Cautious optimism about next year's pay round

Jul 25 2008 by Nic Paton Print This Article

With soaring food and fuel prices hitting wallets daily, the housing market and wider economy slumping and dire predictions of mass redundancies, it's perhaps not surprising many U.S workers are nervous about the future.

Yet, with Swiss bank Credit Suisse beating its own financial forecasts yesterday, so raising hopes that the worst of the credit crunch may finally be behind us and now research by consultancy Watson Wyatt suggested there is unlikely to be a freeze on pay bonuses next year, the picture is perhaps less black than it might at first seem.

The Watson Wyatt poll of nearly 1,400 employers, and 276 from the U.S, found that most U.S firms were planning to give workers merit increases of 3.5 per cent on average next year, identical to those received this year and only slightly below the 3.6 per cent for 2007.

Companies were also planning to provide larger raises to their better-performing employees, with those whose performance ratings exceeded expectations likely to receive an average merit increase of 4.2 per cent.

The highest performers could even be pocketing increases of 6 per cent or more, it added.

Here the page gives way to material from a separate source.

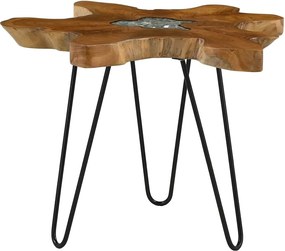 vidaXL tömör tíkfa és műkő dohányzóasztal 70 x 45 cm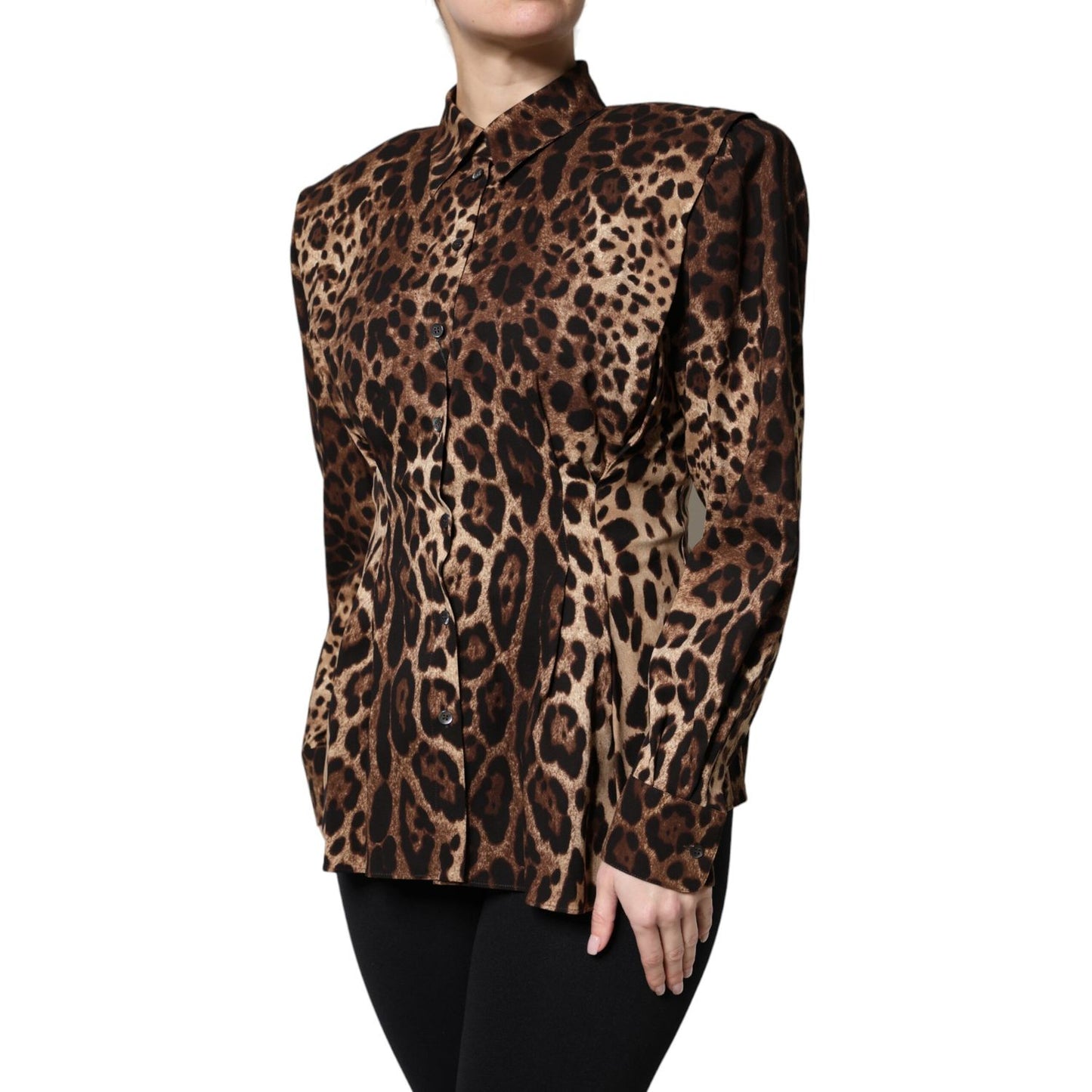 Dolce & Gabbana Brown Leopard Silk Button Down Coat Jacket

Nevertheless, it was not all good news. Half of the firms polled warned that if the downturn continued they might have to start laying people off, with four out of 10 saying their response would be to freeze hiring.

A quarter said they would have to squeeze pay raises and 13 per cent said salary freezes would be their most common response.

"The economy is no doubt taking its toll on workers, but their 2009 merit increases appear safe — at least for now," said Laura Sejen, global director of strategic rewards consulting at Watson Wyatt.

"Employees will view holding merit increase budgets steady as a positive sign that will help them offset inflation and higher energy and food costs," she added.

But it was also clear the economic slowdown was having an effect on companies worldwide, and not just in the U.S.

"If economic conditions continue to weaken, we would expect to see many companies begin to evaluate their staffing levels, pay programs and overall organizational structures and to implement some of their contingency plans," said Sejen.

And it is firms across the water, in the UK, that appear to be among those being hardest hit, research from consultancy KPMG has suggested.

The impact of the credit crunch is hitting UK-headquartered companies much harder than their U.S peers, its study has suggested.

Far more UK companies are experiencing delayed payments from customers, reduced access to credit, increased financing costs and suppliers demanding earlier payment, compared with their U.S counterparts, it argued.

"Given that the credit crunch began in the U.S, it is interesting – and perhaps surprising – to see that UK companies are feeling the pinch more than their transatlantic counterparts," warned Andrew Ashby, director in KPMG Advisory.

"This may be because stakeholders such as banks, shareholders and non-executive directors are being more proactive forcing UK companies to take action before they get into difficulty," he added.

KPMG asked 342 companies with revenues ranging from £250m to more than £20bn about how the credit crisis was affecting their management of working capital.

When asked how they planned to address these cash flow challenges, nearly half said they planned to negotiate longer supplier payment terms, while 46 per cent said they would tighten credit lines to customers.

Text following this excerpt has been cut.